» INFORMATION SHOWN

'''

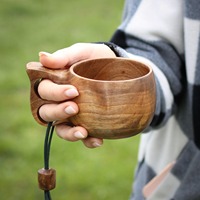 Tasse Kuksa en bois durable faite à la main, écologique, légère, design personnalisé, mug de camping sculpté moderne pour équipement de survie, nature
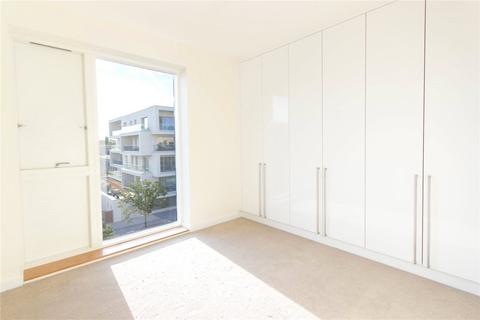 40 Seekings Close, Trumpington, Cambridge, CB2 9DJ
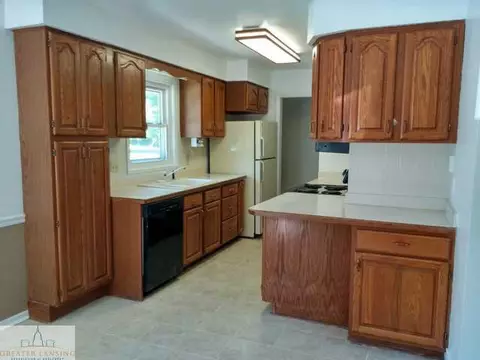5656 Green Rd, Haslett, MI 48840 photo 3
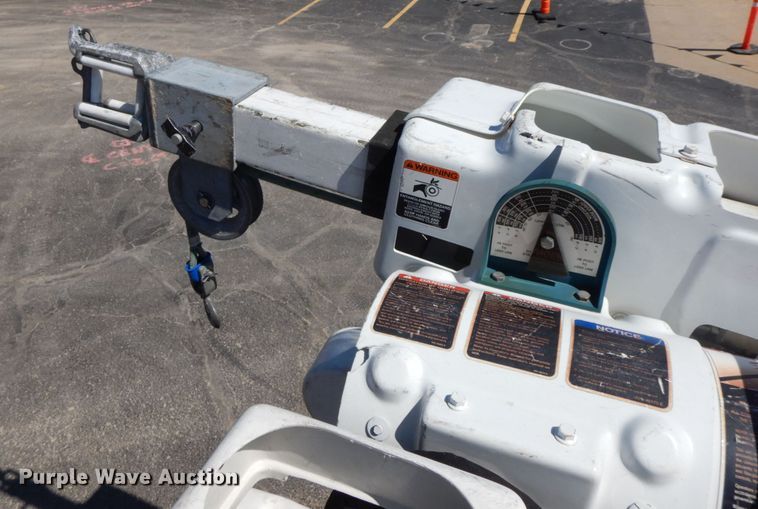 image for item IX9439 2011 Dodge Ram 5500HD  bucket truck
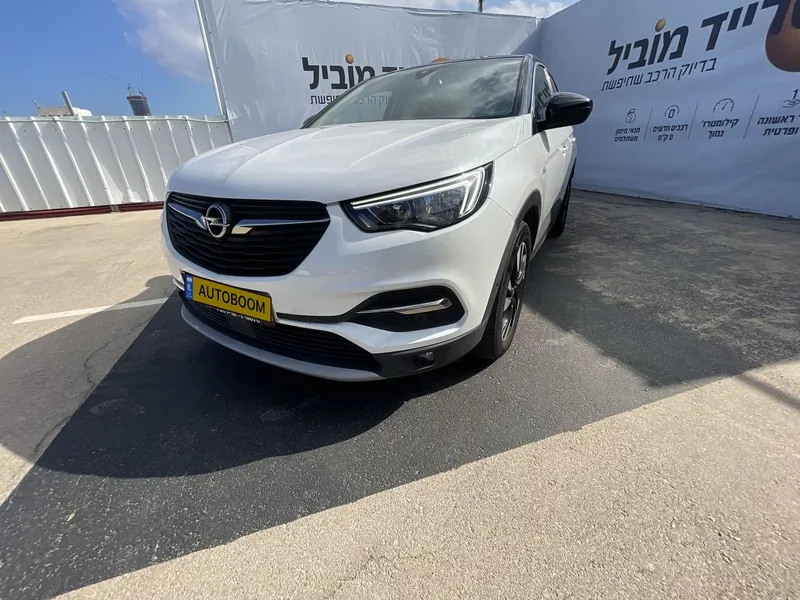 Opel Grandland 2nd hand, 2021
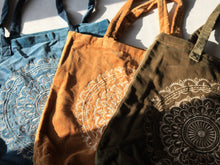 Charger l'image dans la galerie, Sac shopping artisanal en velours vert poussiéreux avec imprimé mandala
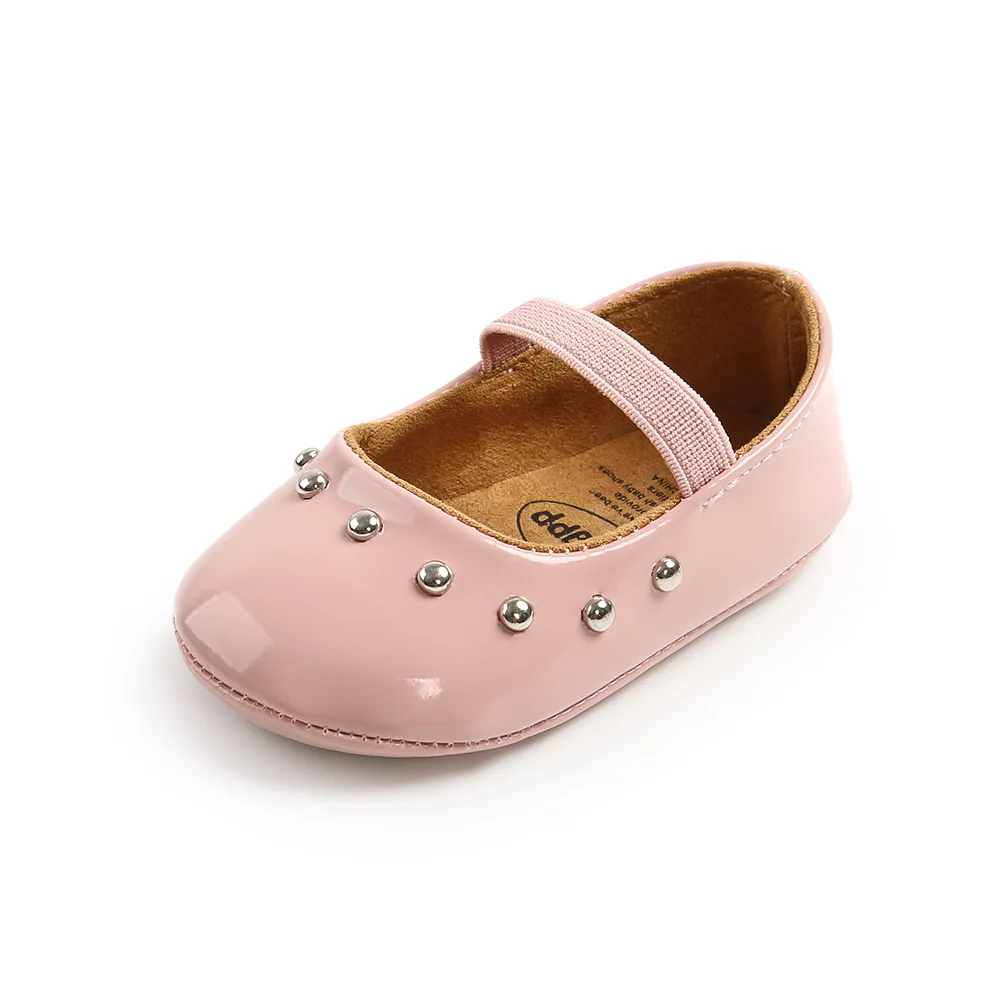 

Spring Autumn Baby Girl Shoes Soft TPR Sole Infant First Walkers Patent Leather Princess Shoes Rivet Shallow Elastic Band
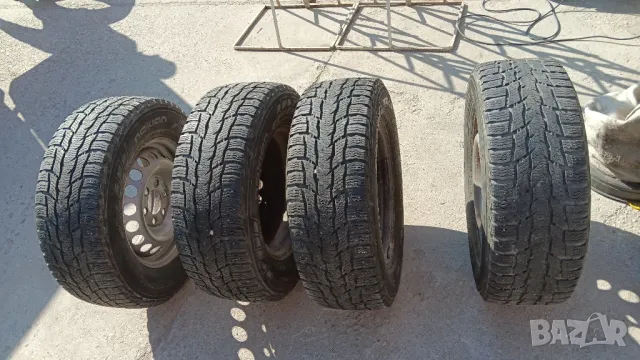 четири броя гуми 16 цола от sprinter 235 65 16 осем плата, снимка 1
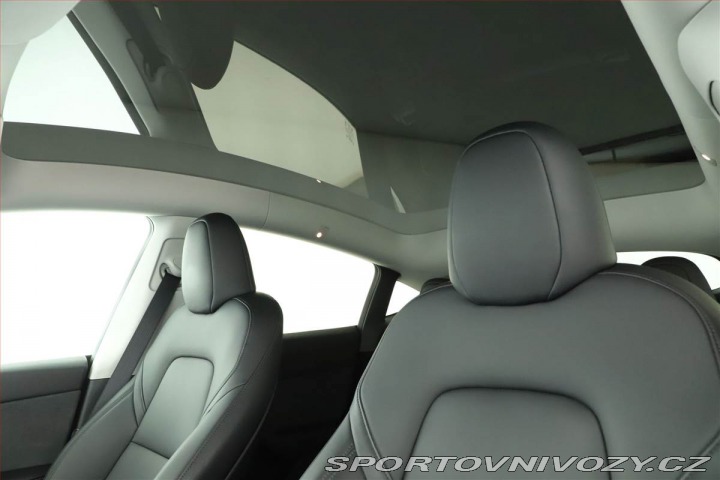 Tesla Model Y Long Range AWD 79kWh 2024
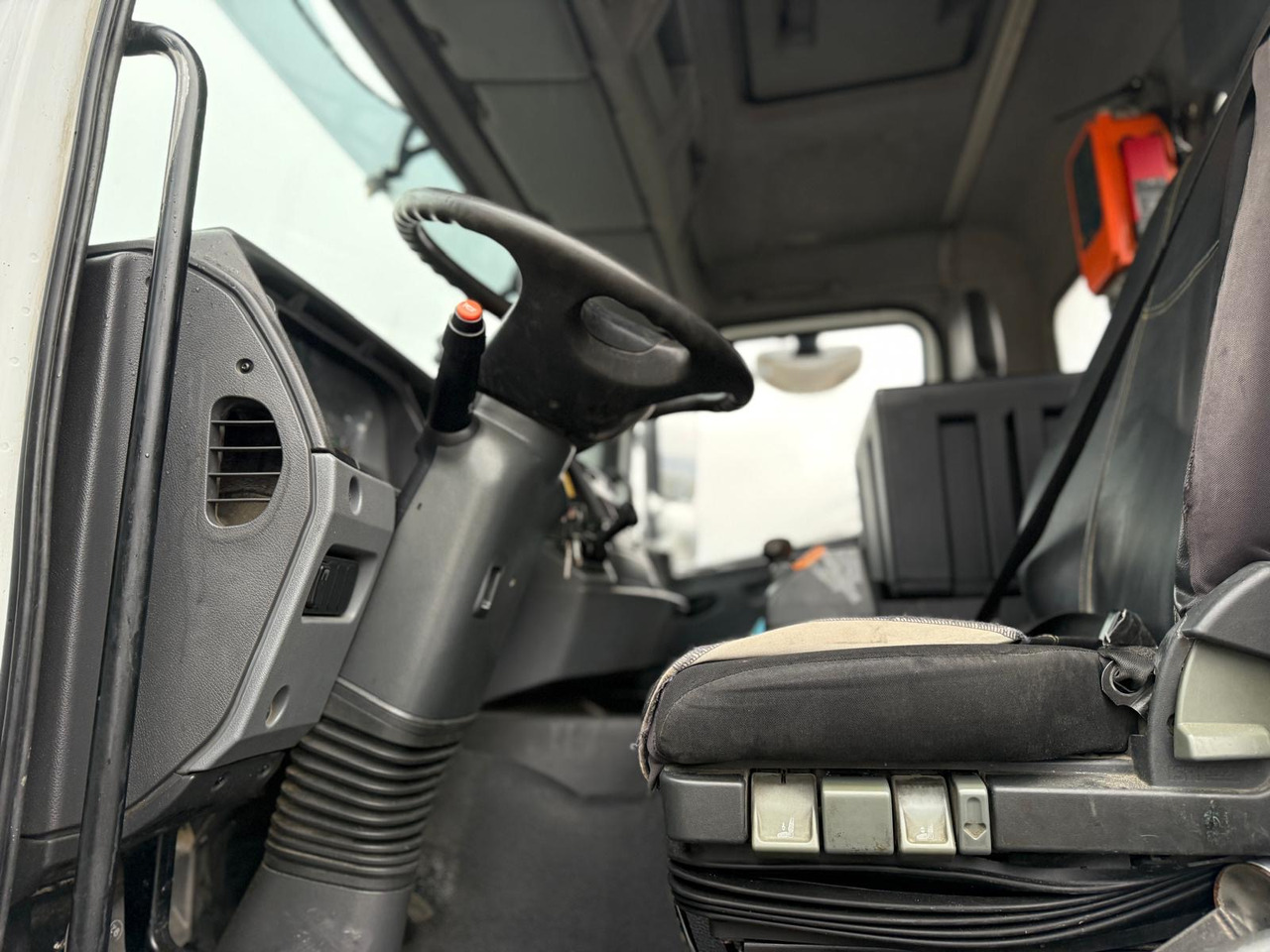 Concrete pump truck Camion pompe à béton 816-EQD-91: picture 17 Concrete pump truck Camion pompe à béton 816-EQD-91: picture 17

'''

» WORK TASK
Beginning at the line with "Tesla Model Y Long Range AWD 79kWh 2024", reproduce each line exactly through the last line of the records above, with pictures left out.

» REPLY TO THE EXERCISE
 Tesla Model Y Long Range AWD 79kWh 2024
 Concrete pump truck Camion pompe à béton 816-EQD-91: picture 17 Concrete pump truck Camion pompe à béton 816-EQD-91: picture 17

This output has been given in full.